◆ **Task brief**: Would you please return the lines of the entries below starting at the line that has "Tuổi Trẻ Hướng Phật" and ending at the line that has "27 Buttonwood Road Property Photo 7", both included, exactly as they are?

◆ **Given data**:

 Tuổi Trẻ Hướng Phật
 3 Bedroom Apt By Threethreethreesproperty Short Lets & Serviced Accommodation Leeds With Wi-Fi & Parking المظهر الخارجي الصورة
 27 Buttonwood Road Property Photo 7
--
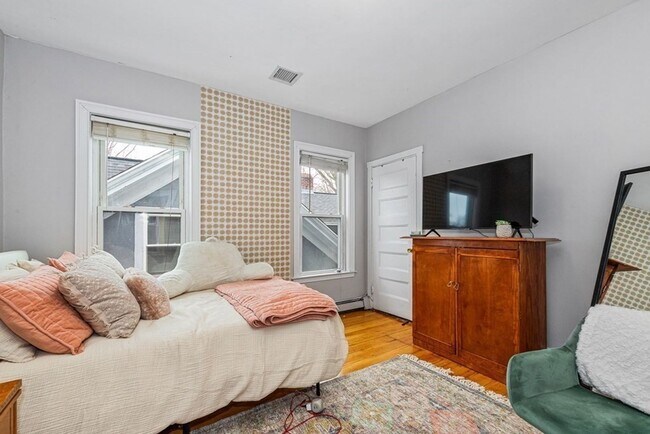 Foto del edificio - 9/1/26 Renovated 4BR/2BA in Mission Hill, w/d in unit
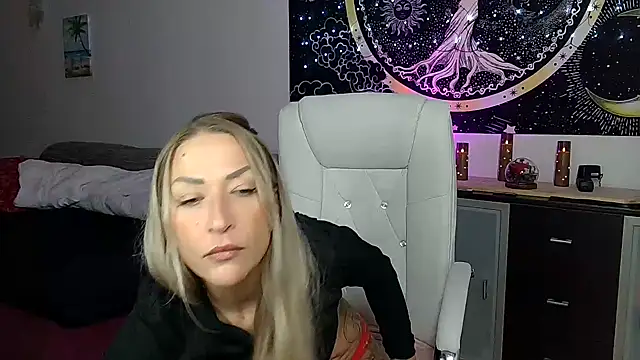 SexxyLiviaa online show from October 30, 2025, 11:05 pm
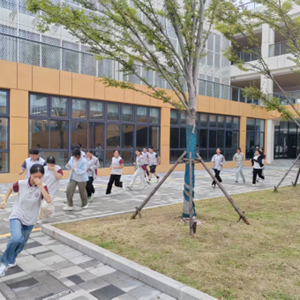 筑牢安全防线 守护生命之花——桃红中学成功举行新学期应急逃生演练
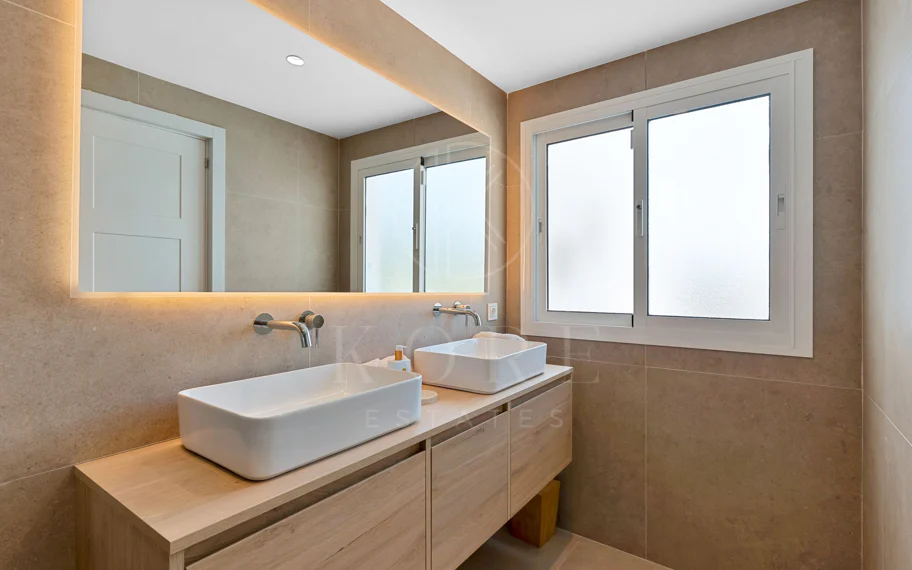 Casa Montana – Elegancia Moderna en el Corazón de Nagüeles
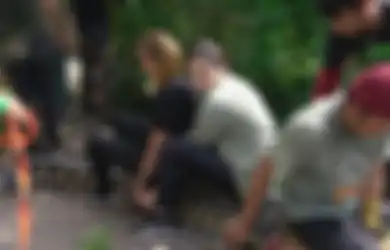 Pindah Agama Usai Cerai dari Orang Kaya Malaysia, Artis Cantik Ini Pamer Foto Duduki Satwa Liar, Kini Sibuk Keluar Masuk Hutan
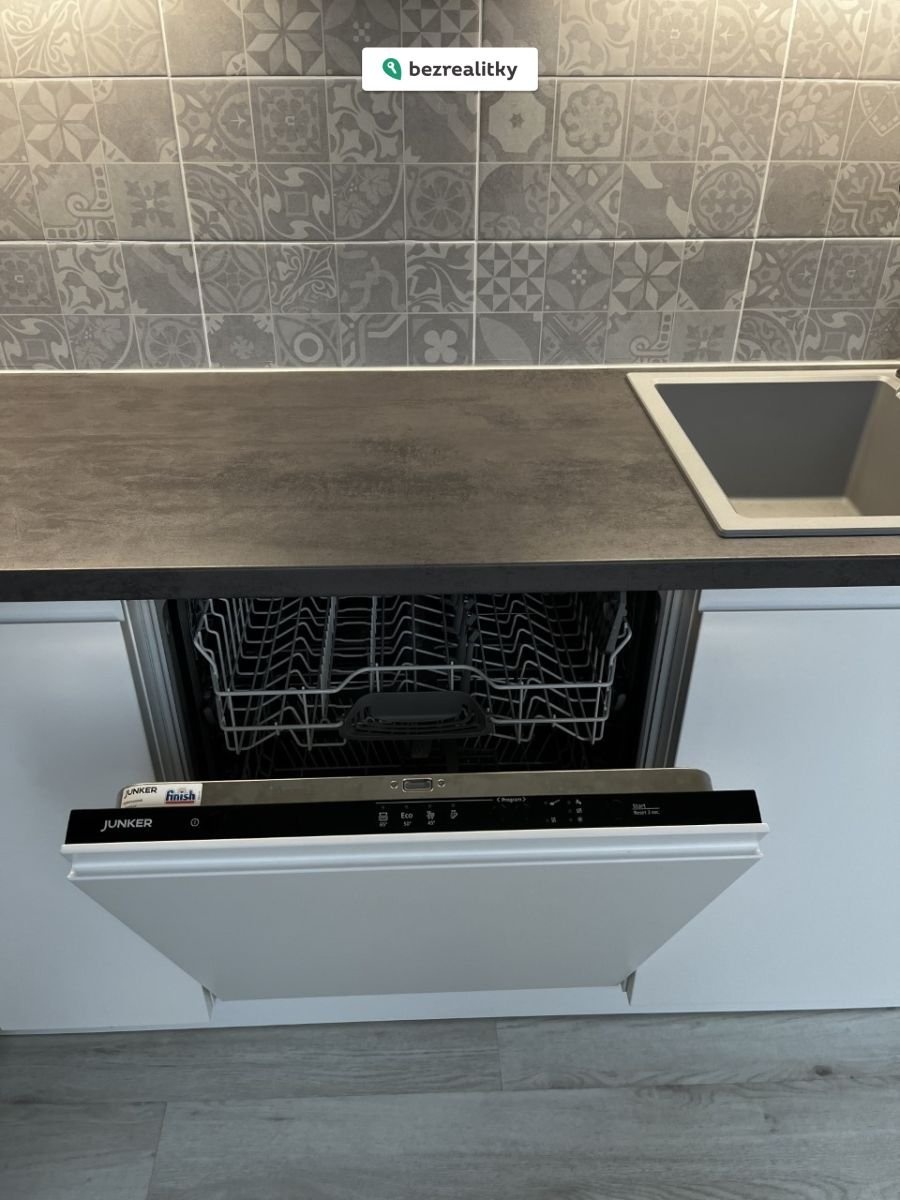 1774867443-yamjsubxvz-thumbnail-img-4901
...
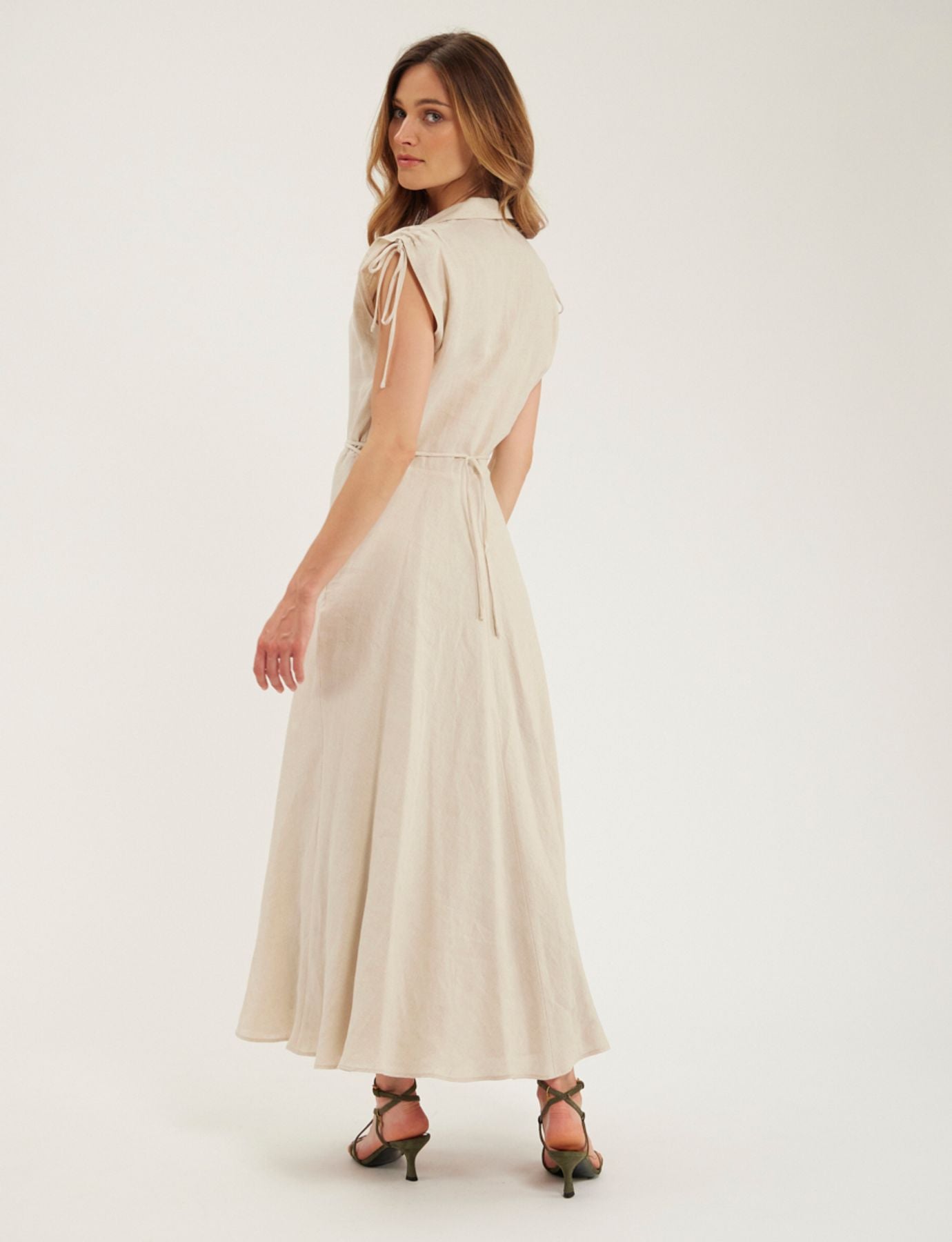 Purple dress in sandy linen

◆ **Task response**:
 Tuổi Trẻ Hướng Phật
 3 Bedroom Apt By Threethreethreesproperty Short Lets & Serviced Accommodation Leeds With Wi-Fi & Parking المظهر الخارجي الصورة
 27 Buttonwood Road Property Photo 7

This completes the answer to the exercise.